◆ PROBLEM STATEMENT: Lines of the listing below that contain the string "Hotel" are to be returned.

◆ PROVIDED RECORDS:
[Start of Attachment]
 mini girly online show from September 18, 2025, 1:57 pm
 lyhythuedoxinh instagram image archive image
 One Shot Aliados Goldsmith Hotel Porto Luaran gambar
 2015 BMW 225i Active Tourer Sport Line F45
[End of Attachment]
[Start of Attachment]
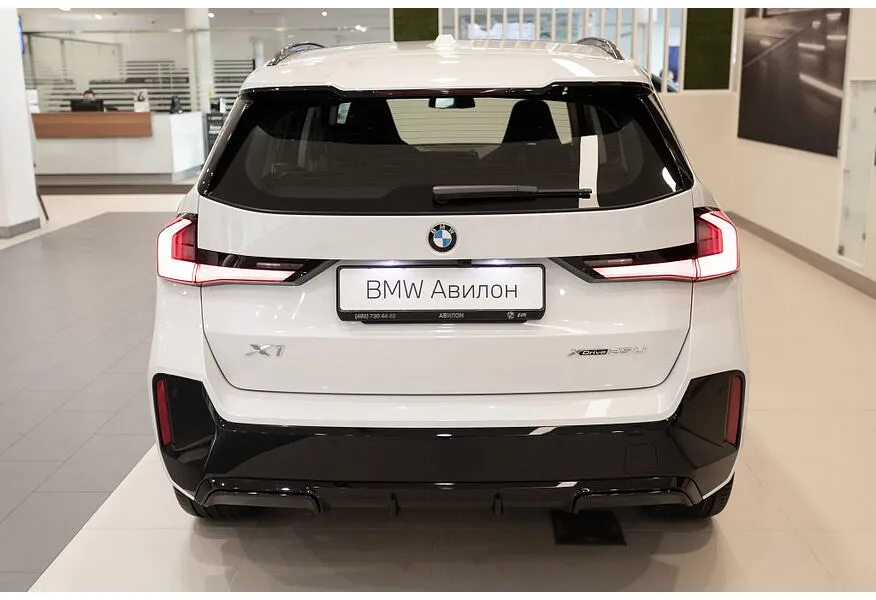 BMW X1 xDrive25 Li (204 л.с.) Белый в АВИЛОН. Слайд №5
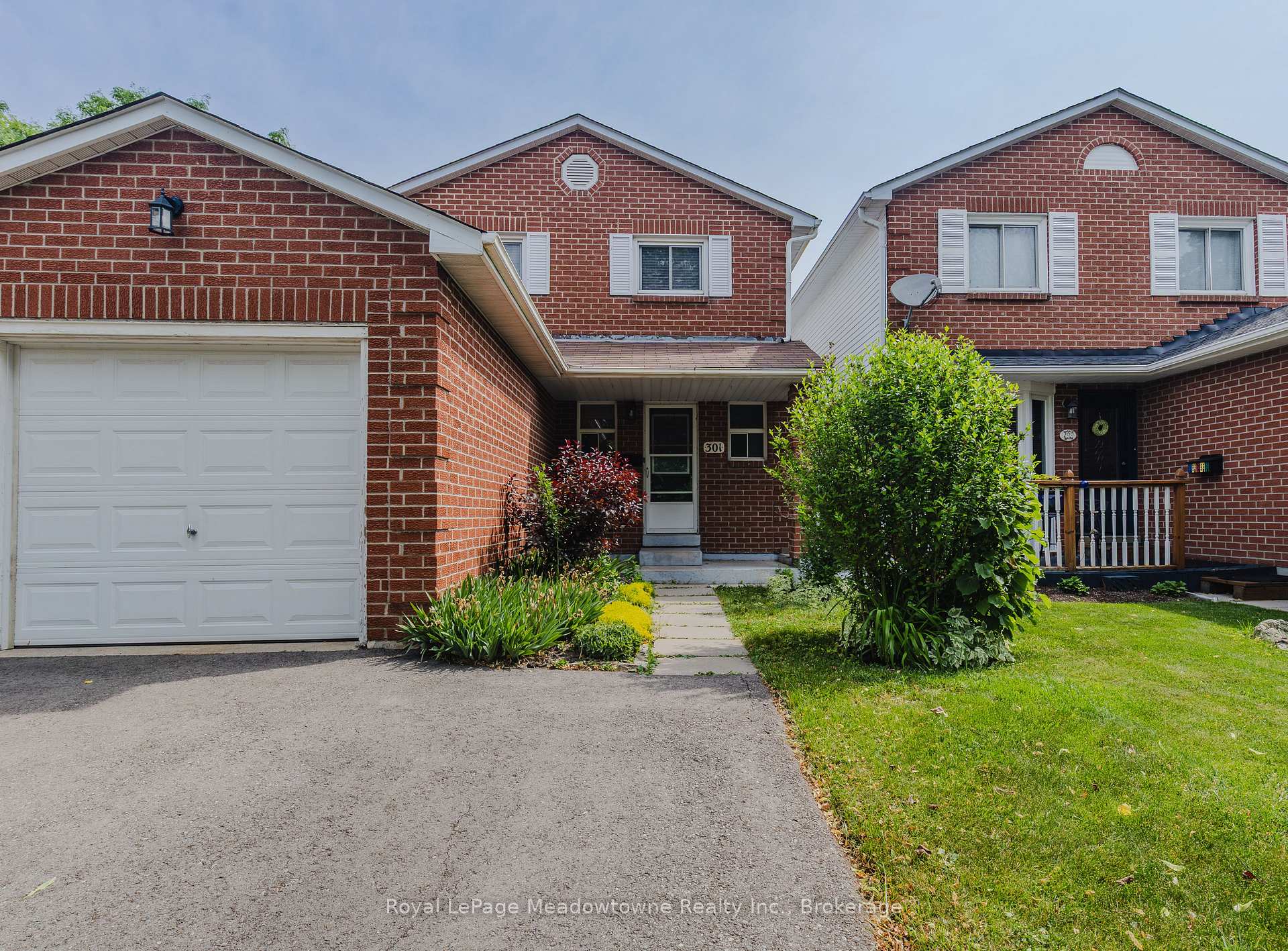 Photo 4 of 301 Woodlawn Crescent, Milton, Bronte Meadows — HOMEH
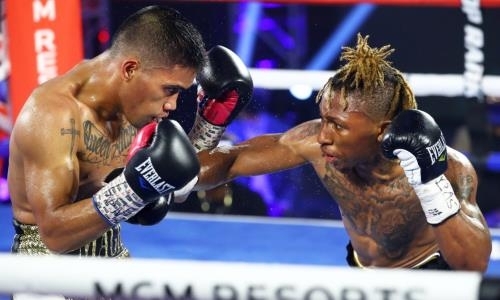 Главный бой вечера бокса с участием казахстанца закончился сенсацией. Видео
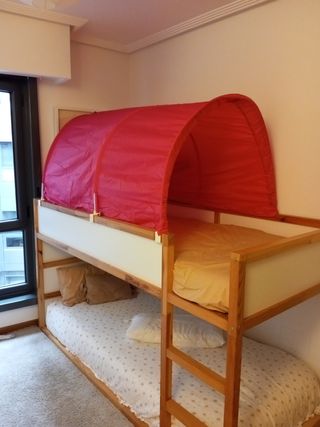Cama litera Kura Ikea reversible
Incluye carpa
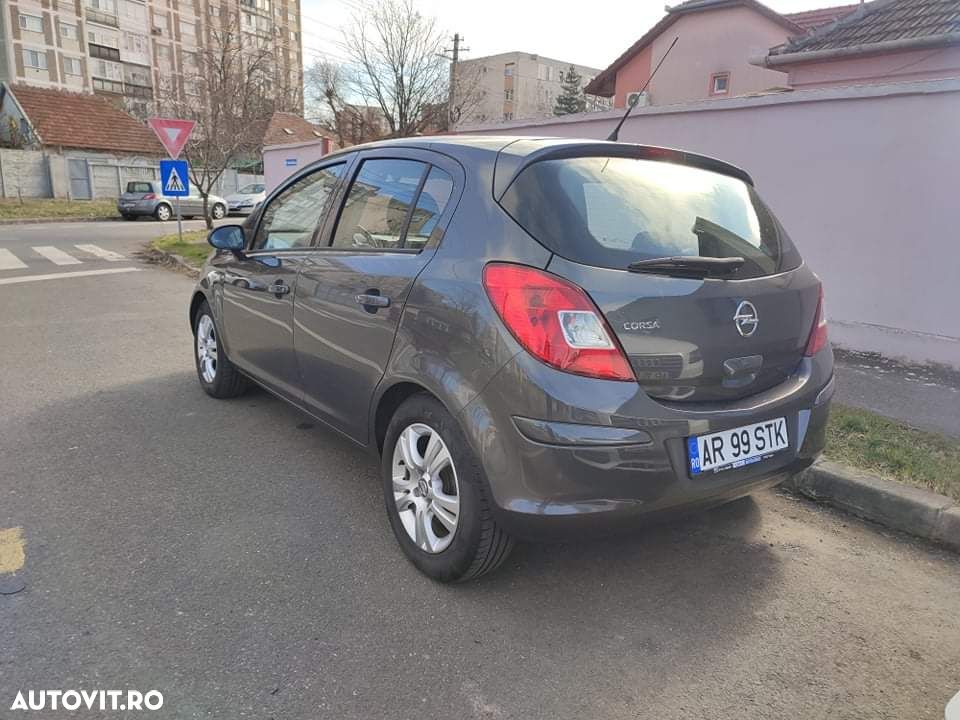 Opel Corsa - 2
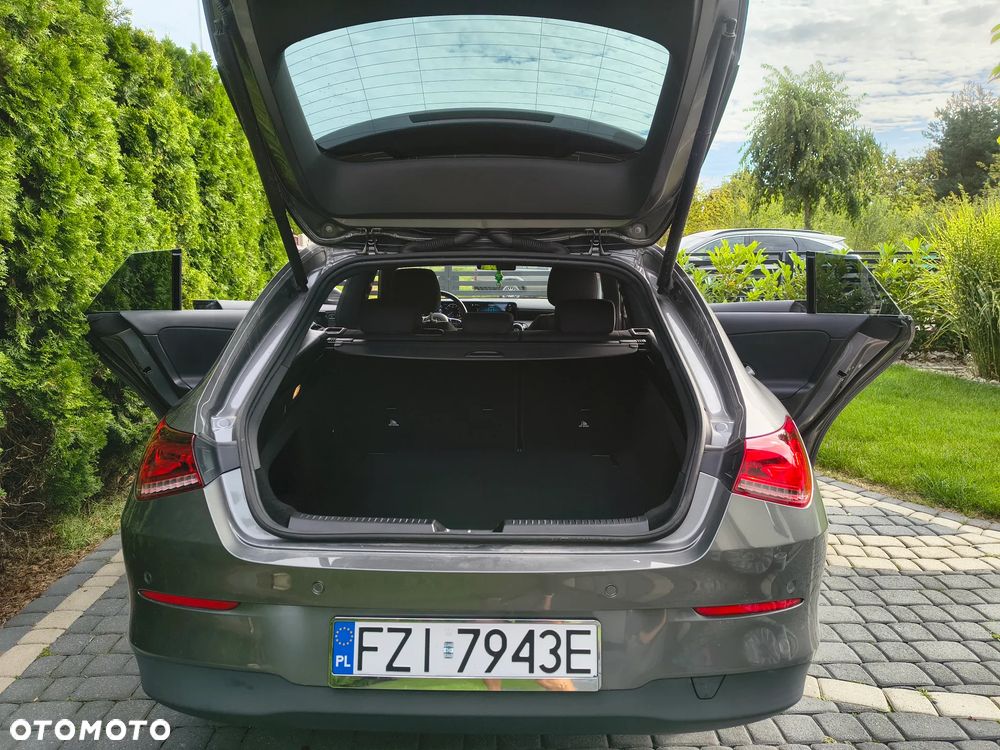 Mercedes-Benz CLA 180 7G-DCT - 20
[End of Attachment]
[Start of Attachment]
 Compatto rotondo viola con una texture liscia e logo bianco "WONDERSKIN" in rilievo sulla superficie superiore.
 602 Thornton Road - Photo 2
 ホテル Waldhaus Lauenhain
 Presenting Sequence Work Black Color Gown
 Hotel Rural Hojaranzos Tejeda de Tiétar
[End of Attachment]
◆ ANSWER TO THIS PROBLEM:
 One Shot Aliados Goldsmith Hotel Porto Luaran gambar
 Hotel Rural Hojaranzos Tejeda de Tiétar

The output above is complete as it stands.